I was about to order some from this site:

http://www.berkshirebiological.com/stor ... cts_id=448

but I'm sure carolina probably has them as well. 

Here are the two guides I have been reading for pea aphid culture:

http://www.tracyhicks.com/aphid.htm

http://www.mda.state.mn.us/plants/insec ... aphids.htm

I also ordered about 200 fava beans from http://www.johnnyseeds.com/

You should germinate the beans so you have a sprout/plant ready by the time the aphids get to you.

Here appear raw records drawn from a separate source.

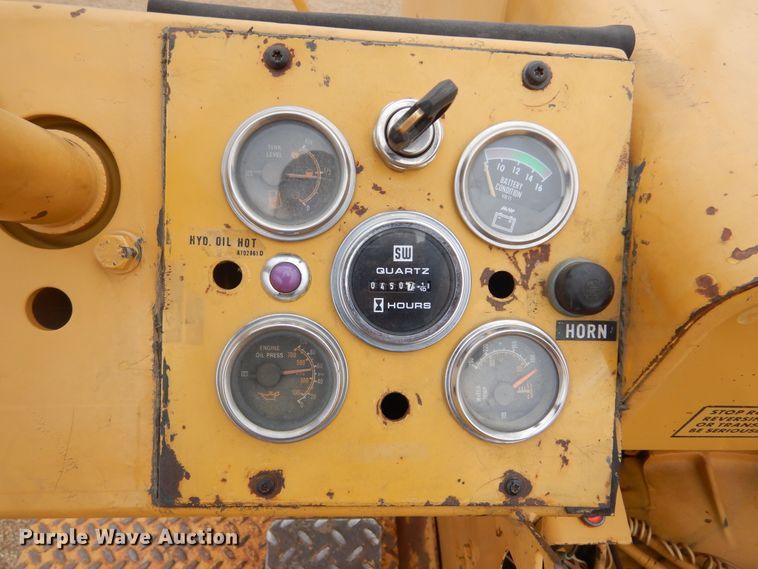 image for item MX9955 Caterpillar PS-180  pneumatic roller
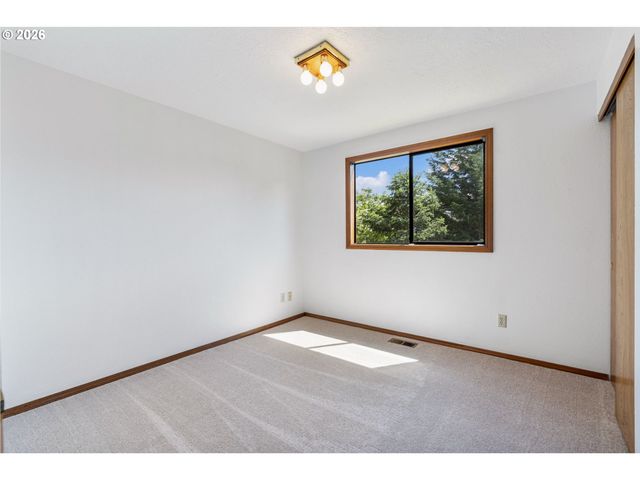 4115 Sw 17TH Ct, Gresham, OR 97080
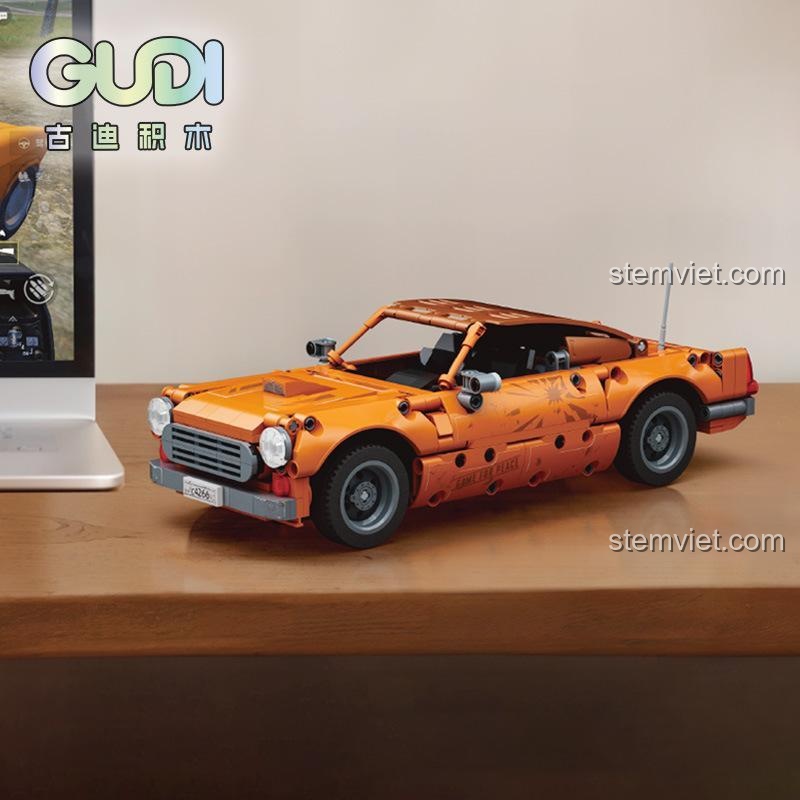 Đồ chơi lắp ráp GUDI 20504 Xe Coupe R8 Game for Peace đặt trên bàn, thể hiện chi tiết tinh xảo, chất lượng cao.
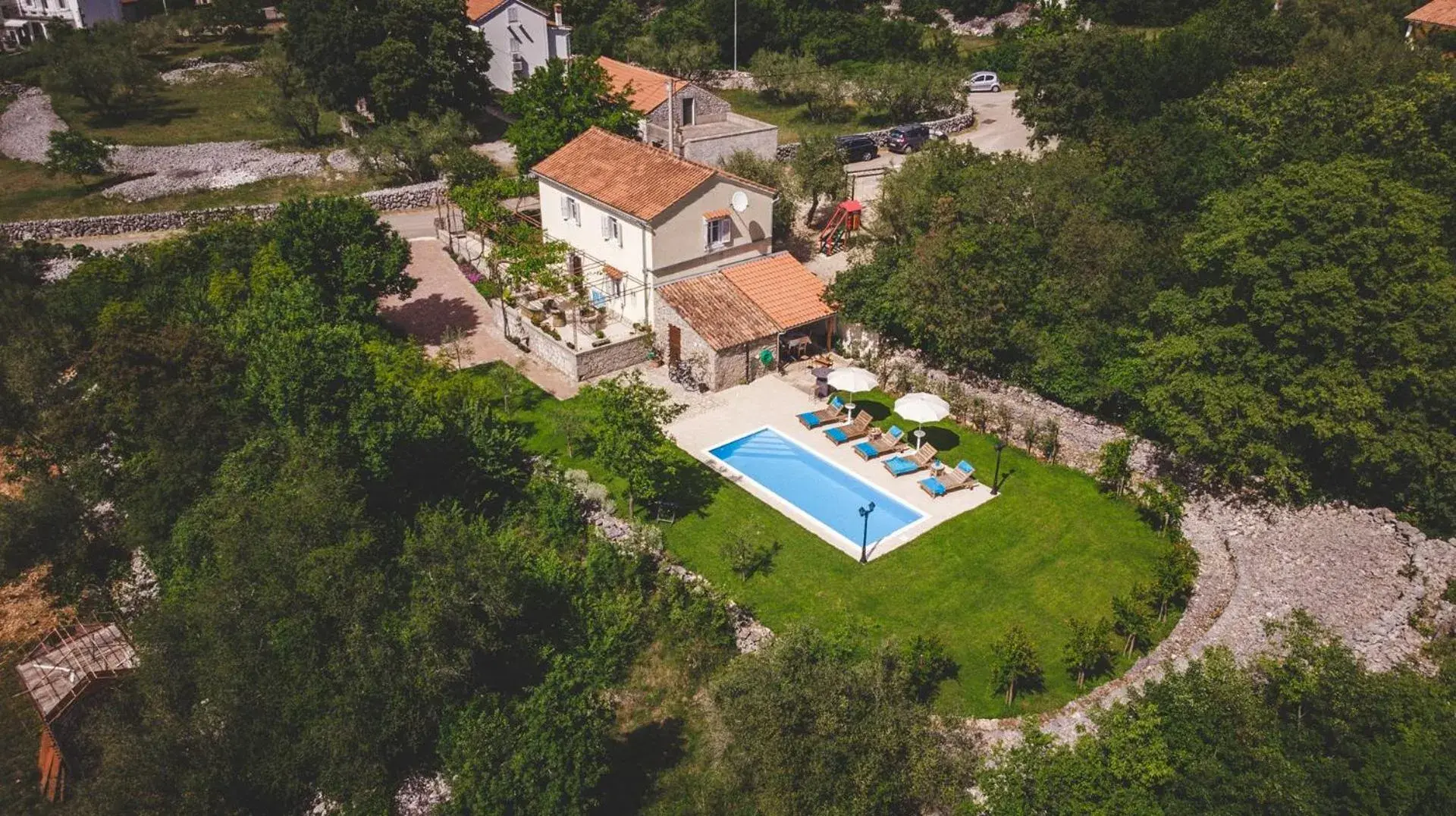 Village Villa „ M „ Village Villa „ M „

Or you could also wait a month and just get a free culture from me  I'm growing about 20 beans right now so I'm ready to make an order for the aphids this week.


----------



## Julio

thanks for the info guys, i wasn't looking to culture them just order and feed, but i guess i can try culturing some.


----------



## Corpus Callosum

I was told they don't ship well, and the prices aren't that great either, to do it that method (unless you can find them locally). I will give you some to try out once mine are going.


----------



## Julio

thanks Mike,
i just ordered some seeds to try culturing to see how that goes.


----------



## KeroKero

I can't imagine where Michael got all his awesome aphid info


----------



## Corpus Callosum

It's possible Corey filled me in on everything  but I will take pictures once I get them going.


----------



## KeroKero

You better! I need pics for my article that I did all that research for


----------



## Kameleon

I'd like to start an aphid culture, but as it is already winter, I don't think I can find any in the wild.
Would you know where I can buy some ? (I already tried the previous links, but they didn't work.) If anyone is raising aphids right now and could send me some, I'm also interested.
By the way, are the aphids sent as living insects or as eggs ? And if they are sent as eggs, how long until they hatch ?


----------



## Scott

This one still works.

They're very finicky to raise and feed.

s


----------



## epiphytes etc.

If you grow Hoyas or most any other Asclepiad, aphids are usually around. What I can't figure out is how to collect them for feeding out without smashing the majority of them.


----------



## Schadigung

Does anyone know of a place other Berkshire Biological to buy pea aphids? They seem to be out, despite the fact that they are selling them on the website


----------



## FwoGiZ

Anyone got links for Canada??


----------



## Krakanax

By the way, how would you ship aphids?
I can't think about a way to do so ...


K.


----------



## Julio

styro cups with planted pea plants and a lid


----------



## DendroJoe

Julio, I see some in my backyard on some plants, just want to know if i can use local aphids.


----------



## Julio

depends on the species, there are aphids out there that are toxic to darts, so its best to culture them, they are really easy to culture and wont fly even though they have wings, i could never get my frogs to like them too much so i stopped culturing them a while back.


----------



## sports_doc

Those Fava bean aphids are a pain, mainly because Fava beans are very slow to cultivate.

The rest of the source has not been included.